====== INPUT

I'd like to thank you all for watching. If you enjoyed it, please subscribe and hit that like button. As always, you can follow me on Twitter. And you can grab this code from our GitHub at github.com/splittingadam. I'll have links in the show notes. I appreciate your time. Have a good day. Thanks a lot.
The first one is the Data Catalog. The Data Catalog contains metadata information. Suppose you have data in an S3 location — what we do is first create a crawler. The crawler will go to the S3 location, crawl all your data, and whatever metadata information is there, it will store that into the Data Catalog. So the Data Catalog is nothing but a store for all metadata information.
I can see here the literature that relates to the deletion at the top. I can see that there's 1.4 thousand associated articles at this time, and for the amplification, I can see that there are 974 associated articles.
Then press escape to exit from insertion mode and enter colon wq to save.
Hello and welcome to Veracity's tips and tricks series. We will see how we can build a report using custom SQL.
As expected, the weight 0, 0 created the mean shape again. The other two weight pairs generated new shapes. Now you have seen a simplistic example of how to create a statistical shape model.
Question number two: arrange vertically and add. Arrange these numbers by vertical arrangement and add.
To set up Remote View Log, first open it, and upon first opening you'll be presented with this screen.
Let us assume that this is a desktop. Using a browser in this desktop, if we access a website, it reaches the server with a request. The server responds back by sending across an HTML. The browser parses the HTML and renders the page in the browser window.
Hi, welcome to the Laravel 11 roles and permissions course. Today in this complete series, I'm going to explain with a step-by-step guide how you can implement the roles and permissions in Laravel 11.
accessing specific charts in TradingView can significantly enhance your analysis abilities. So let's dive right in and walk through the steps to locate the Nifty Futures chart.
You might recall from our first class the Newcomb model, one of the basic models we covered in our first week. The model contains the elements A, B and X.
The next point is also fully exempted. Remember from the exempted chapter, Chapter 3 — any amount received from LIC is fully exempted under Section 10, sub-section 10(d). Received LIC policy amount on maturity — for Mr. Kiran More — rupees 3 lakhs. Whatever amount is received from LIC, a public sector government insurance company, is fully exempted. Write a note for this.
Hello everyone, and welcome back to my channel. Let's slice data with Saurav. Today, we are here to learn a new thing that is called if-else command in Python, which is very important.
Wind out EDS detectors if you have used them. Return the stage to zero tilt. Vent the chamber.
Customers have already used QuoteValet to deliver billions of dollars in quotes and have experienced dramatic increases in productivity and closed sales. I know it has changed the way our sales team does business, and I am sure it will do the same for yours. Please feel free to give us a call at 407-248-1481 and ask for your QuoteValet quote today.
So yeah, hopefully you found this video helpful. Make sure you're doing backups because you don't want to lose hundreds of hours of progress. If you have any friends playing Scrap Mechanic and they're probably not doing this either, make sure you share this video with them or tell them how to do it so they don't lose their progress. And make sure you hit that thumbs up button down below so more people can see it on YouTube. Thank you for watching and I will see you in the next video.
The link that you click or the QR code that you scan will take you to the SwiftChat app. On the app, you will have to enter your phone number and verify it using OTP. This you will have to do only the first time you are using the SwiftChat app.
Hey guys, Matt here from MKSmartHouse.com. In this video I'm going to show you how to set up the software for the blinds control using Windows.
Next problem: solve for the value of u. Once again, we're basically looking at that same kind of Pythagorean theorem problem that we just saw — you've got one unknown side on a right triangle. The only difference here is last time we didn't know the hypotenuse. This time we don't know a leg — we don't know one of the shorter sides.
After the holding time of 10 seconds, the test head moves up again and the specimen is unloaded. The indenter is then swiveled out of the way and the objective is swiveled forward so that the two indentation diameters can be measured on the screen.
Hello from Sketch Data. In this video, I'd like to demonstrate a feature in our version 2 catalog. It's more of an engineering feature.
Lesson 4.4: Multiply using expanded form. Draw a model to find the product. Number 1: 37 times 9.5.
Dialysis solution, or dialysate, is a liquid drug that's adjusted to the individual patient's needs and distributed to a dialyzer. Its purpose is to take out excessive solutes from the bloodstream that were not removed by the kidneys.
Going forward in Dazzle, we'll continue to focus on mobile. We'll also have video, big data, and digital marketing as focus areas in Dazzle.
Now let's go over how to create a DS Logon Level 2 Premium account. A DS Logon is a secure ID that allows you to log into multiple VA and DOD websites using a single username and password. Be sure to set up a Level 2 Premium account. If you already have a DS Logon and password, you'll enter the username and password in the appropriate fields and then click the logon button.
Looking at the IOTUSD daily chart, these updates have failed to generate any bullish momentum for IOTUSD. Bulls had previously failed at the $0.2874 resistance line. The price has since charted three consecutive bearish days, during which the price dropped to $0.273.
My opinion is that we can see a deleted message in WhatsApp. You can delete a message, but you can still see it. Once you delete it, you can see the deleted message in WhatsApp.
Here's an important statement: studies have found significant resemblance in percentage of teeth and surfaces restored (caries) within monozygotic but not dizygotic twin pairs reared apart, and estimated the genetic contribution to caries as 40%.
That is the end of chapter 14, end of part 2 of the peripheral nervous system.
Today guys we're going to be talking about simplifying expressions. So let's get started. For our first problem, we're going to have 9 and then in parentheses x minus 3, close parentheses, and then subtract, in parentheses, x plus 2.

============

▸ **REQUIRED WORK**
Copy the records above exactly, beginning at the line that contains "Question number two: arrange" and stopping after the line that contains "Wind out EDS".

▸ **SOLUTION FOR THIS TASK**
Question number two: arrange vertically and add. Arrange these numbers by vertical arrangement and add.
To set up Remote View Log, first open it, and upon first opening you'll be presented with this screen.
Let us assume that this is a desktop. Using a browser in this desktop, if we access a website, it reaches the server with a request. The server responds back by sending across an HTML. The browser parses the HTML and renders the page in the browser window.
Hi, welcome to the Laravel 11 roles and permissions course. Today in this complete series, I'm going to explain with a step-by-step guide how you can implement the roles and permissions in Laravel 11.
accessing specific charts in TradingView can significantly enhance your analysis abilities. So let's dive right in and walk through the steps to locate the Nifty Futures chart.
You might recall from our first class the Newcomb model, one of the basic models we covered in our first week. The model contains the elements A, B and X.
The next point is also fully exempted. Remember from the exempted chapter, Chapter 3 — any amount received from LIC is fully exempted under Section 10, sub-section 10(d). Received LIC policy amount on maturity — for Mr. Kiran More — rupees 3 lakhs. Whatever amount is received from LIC, a public sector government insurance company, is fully exempted. Write a note for this.
Hello everyone, and welcome back to my channel. Let's slice data with Saurav. Today, we are here to learn a new thing that is called if-else command in Python, which is very important.
Wind out EDS detectors if you have used them. Return the stage to zero tilt. Vent the chamber.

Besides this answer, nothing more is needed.